Throughout the 19th and 20th centuries, defense of China trade was a major preoccupation of U.S. statesmen and businessmen. Fear that Japan and greedy European imperialists would divide a weak Chinese empire into exclusionary economic zones led the United States to proclaim the “open door” policy in 1899. Forty years later, U.S. opposition to Japanese efforts to conquer China and control its markets started the chain reaction that led to Japan’s attack on Pearl Harbor and U.S. entry into World War II.

What the United States wanted from the 1700s on was simple: free access to the Chinese market and legal protection for U.S. merchants and investors when they were there. The current agreement represents, by far, our best chance since Adams’ day to get them.

The agreement, however is only the first step, and there are plenty of problems to come. In the U.S., the problems will hit before the deal takes effect, as Congress and public opinion wrestle with putting U.S.-Chinese trade on a permanent basis. In China, the problems hit later, when the agreement will force China to accelerate the wrenching reforms of its economy.
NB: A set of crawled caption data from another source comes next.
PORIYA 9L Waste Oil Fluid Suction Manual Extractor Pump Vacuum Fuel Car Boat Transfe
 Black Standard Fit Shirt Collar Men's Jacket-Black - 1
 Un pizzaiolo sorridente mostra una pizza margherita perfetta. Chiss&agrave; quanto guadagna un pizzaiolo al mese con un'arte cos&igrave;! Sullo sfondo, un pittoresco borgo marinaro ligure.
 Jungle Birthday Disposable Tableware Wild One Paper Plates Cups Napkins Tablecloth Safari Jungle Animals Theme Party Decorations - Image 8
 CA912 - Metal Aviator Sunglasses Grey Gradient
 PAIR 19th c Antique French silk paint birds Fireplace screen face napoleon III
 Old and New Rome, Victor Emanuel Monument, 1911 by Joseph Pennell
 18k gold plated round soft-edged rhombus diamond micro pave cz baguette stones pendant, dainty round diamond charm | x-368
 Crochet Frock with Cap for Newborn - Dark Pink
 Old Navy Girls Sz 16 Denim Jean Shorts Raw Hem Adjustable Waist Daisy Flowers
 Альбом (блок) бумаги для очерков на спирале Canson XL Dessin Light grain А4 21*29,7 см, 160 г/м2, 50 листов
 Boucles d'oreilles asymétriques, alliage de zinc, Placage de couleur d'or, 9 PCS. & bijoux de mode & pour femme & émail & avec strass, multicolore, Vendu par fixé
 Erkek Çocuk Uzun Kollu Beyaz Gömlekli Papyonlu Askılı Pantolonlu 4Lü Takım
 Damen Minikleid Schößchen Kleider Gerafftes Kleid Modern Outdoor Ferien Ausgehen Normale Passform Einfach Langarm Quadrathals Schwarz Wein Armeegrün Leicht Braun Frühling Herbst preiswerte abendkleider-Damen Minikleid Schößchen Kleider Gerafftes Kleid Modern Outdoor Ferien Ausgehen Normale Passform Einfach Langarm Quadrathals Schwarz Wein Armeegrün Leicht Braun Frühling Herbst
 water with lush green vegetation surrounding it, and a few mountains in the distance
In the United States, we now get the shootout at the OK Corral on China policy. Under current law, Congress must vote annually to continue “normal trade relations” with China. Implementing the WTO agreement will require one final, climactic vote on making that normal trade status permanent.

This vote is the big one on China policy: Once China joins the WTO, the U.S. generally, and especially Congress, will lose any leverage the annual trade votes now provide.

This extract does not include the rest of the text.